THE United States has vetoed a UN ceasefire resolution as the Gaza Ministry of Health states that more than 29,000 Palestinians have been killed since Israel launched its assault on Gaza on October 7. 

Israeli Prime Minister Benjamin Netanyahu vowed to continue the offensive on Gaza until “total victory” against Hamas, causing increasingly international alarm. 

On Tuesday, the United States vetoed a UN resolution brought by Arab nations demanding an immediate humanitarian ceasefire in Gaza. 

The 22 Arab states said it hoped to show broad global support for ending the war, despite the US's move to vote it down. 

The National:

The vote in the 15-member Security Council was 13-1 with the United Kingdom abstaining. 

On Monday, in a surprise move ahead of the vote, the US circulated a rival UN Security Council resolution that would support a temporary ceasefire in Gaza linked to the release of all hostages and call for the lifting of all restrictions on the delivery of humanitarian aid.

Both of these actions “would help to create the conditions for a sustainable cessation of hostilities”, the draft resolution obtained by The Associated Press said. 
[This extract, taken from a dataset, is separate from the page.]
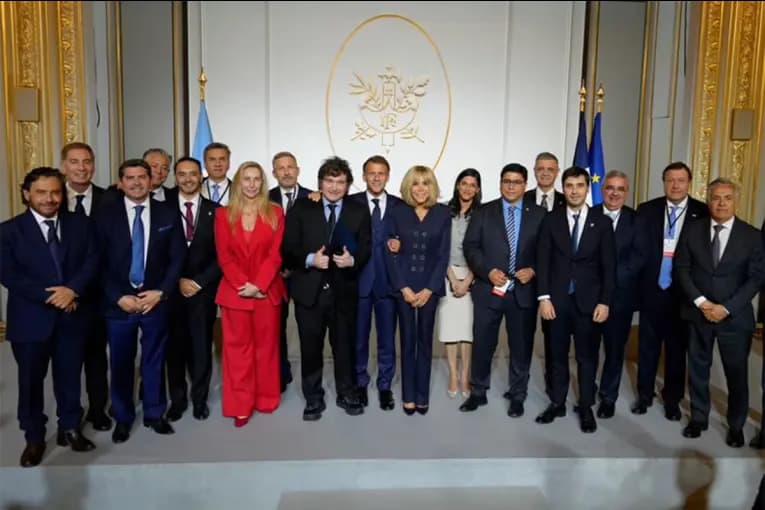 Milei y gobernadores fueron recibidos por Macrón en el Palacio del Elíseo - imagen de origen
US deputy ambassador Robert Wood told several reporters on Monday that the Arab-backed resolution is not “an effective mechanism for trying to do the three things that we want to see happen — which is get hostages out, more aid in, and a lengthy pause to this conflict”.

With the US draft, “what we’re looking at is another possible option, and we’ll be discussing this with friends going forward,” Wood said.

READ MORE: Labour call for immediate ceasefire in Gaza in major climbdown

More than half of Gaza’s 2.3 million people have sought shelter in Rafah - Gaza's southernmost town  on the Egyptian border - after being displaced by Israeli attacks. 

The Gazan health ministry said the death toll had risen to 29,092 since the start of the war, around two-thirds of them women and children.

More than 69,000 Palestinians have been wounded, overwhelming the territory’s hospitals, less than half of which are even partially functioning.

The ministry, which is part of the Hamas-run government, does not distinguish between civilians and combatants in its count but maintains detailed records of casualties.

Its figures from previous wars in Gaza have largely matched those of UN agencies, independent experts and Israel’s own tallies.

Israel says it has killed more than 10,000 Palestinian militants but has provided no evidence for its count.